Hans Christoph Buch: Zu Walter Höllerers Gedicht „Der lag besonders mühelos am Rand“

Mashup von Juliane Duda zu der Beitragsserie „Im Kern“

Im Kern

– Zu Walter Höllerers Gedicht „Der lag besonders mühelos am Rand“ aus Walter Höllerer: Der andere Gast. –

 

 

 

 

WALTER HÖLLERER

Der lag besonders mühelos am Rand

Der lag besonders mühelos am Rand
Des Weges. Seine Wimpern hingen
Schwer und zufrieden in die Augenschatten.
Man hätte meinen können, dass er schliefe.
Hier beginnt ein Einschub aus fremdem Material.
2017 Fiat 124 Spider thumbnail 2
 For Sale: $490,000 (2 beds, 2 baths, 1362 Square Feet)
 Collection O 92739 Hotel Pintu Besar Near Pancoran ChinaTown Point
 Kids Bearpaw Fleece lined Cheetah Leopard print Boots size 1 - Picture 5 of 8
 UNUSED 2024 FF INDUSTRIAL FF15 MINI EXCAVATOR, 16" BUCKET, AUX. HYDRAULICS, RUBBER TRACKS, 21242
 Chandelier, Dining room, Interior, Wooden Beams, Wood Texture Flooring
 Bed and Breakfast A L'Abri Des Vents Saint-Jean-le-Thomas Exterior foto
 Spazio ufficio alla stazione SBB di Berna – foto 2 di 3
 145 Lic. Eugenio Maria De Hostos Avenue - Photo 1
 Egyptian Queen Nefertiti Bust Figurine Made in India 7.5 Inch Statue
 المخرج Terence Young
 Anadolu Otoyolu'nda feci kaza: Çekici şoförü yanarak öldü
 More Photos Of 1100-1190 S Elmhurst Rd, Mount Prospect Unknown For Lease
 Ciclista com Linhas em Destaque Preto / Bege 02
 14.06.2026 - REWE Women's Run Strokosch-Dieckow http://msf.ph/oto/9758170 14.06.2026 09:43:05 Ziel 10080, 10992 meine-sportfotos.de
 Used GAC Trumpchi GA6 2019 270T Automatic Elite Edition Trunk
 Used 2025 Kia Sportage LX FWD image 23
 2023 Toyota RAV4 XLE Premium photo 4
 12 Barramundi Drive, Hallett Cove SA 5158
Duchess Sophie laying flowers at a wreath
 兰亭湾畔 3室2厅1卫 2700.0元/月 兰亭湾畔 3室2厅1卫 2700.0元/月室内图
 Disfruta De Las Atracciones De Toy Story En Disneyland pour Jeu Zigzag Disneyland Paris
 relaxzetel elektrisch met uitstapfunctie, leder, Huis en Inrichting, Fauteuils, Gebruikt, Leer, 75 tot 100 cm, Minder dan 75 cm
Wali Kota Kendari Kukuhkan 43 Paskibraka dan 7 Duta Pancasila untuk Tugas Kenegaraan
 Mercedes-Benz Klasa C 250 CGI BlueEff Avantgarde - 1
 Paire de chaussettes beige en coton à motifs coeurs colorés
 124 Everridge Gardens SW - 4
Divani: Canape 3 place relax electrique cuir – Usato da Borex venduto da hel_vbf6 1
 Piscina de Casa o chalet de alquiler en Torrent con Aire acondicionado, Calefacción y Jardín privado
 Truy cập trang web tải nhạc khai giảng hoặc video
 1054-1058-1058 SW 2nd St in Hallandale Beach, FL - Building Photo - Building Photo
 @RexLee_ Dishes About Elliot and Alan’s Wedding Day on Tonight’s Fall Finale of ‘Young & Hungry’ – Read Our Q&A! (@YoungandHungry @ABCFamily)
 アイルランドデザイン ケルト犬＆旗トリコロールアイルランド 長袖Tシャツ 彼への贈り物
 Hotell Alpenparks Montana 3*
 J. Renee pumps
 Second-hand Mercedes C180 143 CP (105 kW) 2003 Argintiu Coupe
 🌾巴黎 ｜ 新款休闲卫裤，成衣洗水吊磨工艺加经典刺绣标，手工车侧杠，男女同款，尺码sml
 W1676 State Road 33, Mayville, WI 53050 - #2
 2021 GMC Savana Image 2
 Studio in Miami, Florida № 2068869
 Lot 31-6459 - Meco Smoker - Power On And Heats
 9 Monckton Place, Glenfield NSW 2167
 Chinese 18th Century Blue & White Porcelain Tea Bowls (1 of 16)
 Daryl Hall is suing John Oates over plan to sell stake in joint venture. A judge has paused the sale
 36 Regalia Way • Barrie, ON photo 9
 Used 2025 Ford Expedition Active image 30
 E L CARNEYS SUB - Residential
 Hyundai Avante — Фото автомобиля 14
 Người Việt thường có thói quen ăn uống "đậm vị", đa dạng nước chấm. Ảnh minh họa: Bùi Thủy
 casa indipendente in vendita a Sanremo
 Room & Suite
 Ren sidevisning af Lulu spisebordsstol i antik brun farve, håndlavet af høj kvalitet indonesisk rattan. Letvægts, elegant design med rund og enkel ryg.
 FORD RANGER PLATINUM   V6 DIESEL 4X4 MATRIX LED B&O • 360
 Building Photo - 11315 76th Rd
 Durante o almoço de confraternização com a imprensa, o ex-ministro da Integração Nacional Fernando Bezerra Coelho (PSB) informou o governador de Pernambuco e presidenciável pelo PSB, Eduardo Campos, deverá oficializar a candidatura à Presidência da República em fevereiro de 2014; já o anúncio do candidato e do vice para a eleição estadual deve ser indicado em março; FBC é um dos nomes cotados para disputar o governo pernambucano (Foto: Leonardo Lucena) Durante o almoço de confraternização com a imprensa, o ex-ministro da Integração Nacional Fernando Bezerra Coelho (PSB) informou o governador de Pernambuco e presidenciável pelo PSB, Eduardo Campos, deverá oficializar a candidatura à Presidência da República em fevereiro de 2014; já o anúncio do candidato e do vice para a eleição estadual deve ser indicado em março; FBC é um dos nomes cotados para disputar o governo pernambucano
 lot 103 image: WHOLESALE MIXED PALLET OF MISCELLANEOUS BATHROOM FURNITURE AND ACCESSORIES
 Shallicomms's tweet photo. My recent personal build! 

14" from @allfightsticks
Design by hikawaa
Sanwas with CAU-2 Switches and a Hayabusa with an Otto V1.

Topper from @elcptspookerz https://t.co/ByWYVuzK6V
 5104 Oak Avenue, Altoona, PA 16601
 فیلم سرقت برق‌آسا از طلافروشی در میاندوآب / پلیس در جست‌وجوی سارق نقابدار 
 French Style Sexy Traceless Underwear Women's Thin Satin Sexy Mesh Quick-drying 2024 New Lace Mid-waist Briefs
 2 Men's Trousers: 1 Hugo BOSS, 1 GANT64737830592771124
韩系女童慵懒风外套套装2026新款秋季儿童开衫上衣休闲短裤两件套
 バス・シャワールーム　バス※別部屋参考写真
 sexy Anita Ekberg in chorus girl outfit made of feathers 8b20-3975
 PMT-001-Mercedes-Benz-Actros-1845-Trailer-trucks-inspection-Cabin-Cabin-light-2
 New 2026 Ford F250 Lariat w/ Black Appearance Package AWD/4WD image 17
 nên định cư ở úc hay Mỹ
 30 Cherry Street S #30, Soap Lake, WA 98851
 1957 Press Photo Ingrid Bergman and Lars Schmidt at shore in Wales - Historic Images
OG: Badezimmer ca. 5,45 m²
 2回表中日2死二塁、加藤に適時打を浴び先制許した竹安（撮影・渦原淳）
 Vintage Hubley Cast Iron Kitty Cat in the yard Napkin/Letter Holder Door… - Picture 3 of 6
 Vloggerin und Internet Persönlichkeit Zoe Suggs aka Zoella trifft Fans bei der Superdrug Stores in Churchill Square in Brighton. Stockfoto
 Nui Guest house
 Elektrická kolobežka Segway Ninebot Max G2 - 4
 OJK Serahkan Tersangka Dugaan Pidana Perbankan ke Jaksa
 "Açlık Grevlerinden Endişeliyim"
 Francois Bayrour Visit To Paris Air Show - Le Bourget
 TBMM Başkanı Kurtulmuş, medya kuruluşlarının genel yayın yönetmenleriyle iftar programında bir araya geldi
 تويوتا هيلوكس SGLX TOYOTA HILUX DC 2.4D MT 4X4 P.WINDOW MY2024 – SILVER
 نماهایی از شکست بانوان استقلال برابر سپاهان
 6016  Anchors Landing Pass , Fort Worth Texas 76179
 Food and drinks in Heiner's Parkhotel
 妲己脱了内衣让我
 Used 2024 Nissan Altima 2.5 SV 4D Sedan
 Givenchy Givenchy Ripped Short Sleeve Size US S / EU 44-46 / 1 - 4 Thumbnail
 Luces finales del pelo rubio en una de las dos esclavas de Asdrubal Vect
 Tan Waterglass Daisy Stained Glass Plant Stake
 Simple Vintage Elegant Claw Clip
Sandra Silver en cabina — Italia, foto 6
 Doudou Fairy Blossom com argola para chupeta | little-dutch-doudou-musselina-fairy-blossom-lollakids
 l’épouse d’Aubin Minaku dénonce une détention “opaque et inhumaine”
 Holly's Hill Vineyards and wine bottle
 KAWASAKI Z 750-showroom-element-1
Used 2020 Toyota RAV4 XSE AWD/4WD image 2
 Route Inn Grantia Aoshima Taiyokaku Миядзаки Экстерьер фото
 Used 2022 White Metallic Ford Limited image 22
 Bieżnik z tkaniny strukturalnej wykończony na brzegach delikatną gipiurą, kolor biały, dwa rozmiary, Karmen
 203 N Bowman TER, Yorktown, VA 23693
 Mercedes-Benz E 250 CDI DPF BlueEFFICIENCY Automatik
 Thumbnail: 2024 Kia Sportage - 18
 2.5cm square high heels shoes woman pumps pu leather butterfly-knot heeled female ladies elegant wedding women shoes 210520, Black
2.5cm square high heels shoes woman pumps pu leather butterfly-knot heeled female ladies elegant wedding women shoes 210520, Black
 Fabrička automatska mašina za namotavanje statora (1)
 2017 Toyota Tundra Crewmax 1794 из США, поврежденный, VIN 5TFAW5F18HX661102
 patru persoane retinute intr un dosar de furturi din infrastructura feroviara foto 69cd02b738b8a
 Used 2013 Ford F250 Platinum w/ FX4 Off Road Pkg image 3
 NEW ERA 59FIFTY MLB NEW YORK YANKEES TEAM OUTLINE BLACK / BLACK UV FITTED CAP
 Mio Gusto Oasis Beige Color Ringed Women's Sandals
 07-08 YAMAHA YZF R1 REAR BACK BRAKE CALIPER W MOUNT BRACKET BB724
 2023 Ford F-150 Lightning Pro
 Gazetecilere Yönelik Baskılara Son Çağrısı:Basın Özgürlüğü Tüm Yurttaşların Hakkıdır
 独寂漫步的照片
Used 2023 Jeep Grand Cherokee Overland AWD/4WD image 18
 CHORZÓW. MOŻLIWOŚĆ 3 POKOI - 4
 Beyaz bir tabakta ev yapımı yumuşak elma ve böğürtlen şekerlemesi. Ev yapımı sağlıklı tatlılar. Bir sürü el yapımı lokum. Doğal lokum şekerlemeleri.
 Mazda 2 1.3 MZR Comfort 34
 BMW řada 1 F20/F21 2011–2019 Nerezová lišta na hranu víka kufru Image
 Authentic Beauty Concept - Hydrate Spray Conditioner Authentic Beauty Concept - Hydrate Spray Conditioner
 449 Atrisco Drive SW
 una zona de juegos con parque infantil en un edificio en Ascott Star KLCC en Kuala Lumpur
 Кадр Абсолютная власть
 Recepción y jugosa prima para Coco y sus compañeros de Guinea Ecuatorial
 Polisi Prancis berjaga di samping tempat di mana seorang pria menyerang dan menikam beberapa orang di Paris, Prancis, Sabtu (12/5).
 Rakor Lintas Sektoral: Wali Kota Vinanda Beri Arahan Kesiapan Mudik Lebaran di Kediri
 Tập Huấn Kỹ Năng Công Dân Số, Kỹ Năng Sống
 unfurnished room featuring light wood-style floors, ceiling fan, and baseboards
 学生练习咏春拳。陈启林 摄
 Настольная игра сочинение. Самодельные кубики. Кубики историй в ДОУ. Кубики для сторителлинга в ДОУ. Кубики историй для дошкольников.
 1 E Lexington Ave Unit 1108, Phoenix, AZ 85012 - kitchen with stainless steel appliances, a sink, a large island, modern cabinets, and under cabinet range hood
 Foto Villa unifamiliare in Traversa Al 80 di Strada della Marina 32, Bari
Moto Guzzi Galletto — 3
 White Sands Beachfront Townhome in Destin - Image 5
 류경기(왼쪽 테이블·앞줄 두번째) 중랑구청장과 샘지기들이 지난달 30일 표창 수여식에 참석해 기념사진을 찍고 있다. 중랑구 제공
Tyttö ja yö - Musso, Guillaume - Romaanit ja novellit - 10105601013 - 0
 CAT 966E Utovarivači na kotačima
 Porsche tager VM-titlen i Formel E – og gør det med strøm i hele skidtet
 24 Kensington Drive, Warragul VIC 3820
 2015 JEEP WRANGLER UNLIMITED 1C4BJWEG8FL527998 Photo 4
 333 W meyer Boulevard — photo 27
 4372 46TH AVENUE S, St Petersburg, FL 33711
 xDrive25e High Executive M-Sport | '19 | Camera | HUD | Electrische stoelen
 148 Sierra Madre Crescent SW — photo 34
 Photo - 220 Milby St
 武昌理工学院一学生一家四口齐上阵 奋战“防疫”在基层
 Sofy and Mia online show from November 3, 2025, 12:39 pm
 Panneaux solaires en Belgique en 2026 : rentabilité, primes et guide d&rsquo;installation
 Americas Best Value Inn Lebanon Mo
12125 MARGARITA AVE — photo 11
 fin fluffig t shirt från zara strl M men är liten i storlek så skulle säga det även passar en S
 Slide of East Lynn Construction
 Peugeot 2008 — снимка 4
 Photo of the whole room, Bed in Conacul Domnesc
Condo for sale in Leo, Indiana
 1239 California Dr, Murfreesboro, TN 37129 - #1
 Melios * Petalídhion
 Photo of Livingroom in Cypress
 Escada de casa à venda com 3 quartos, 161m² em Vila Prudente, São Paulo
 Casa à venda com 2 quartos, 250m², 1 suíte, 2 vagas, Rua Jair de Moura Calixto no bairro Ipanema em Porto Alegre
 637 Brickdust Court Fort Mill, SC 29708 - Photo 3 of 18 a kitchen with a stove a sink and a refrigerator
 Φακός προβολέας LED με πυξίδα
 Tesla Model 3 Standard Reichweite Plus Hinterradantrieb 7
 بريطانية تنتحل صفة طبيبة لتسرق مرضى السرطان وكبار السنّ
Aber sein Rücken war (wir trugen ihn,
Den Schweren, etwas abseits, denn er störte sehr
Kolonnen, die sich drängten), dieser Rücken
War nur ein roter Lappen, weiter nichts.

Und seine Hand (wir konnten dann den Witz
Nicht oft erzählen, beide haben wir
ihn schnell vergessen) hatte, wie ein Schwert,
Den hartgefrorenen Pferdemist gefasst,

Den Apfel, gelb und starr,
Als wär es Erde oder auch ein Arm
Oder ein Kreuz, ein Gott: ich weiß nicht was.
Wir trugen ihn da weg und in den Schnee.

 

Es war nicht der erste Tote,

den ich in Haiti zu Gesicht bekam, und er schien nicht zu schlafen, wie ein gnädiges Klischee es will: Seine aufgerissenen Augen hatten das Grauen fixiert, das ihm widerfuhr. Seine uniformierten Mörder hatten ihn mit einem Kopfschuss exekutiert und aus dem fahrenden Auto gestoßen, damit er, von Fliegen überkrochen, zur Abschreckung am Wegrand liegenblieb. Das Armenviertel in der Nähe des Flughafens galt als Hochburg des demokratisch gewählten Präsidenten Aristide, den die Armee aus dem Amt gejagt hatte, und die Anwohner wagten es nicht, den Toten zu bestatten, aus Furcht vor Repressalien der Polizei.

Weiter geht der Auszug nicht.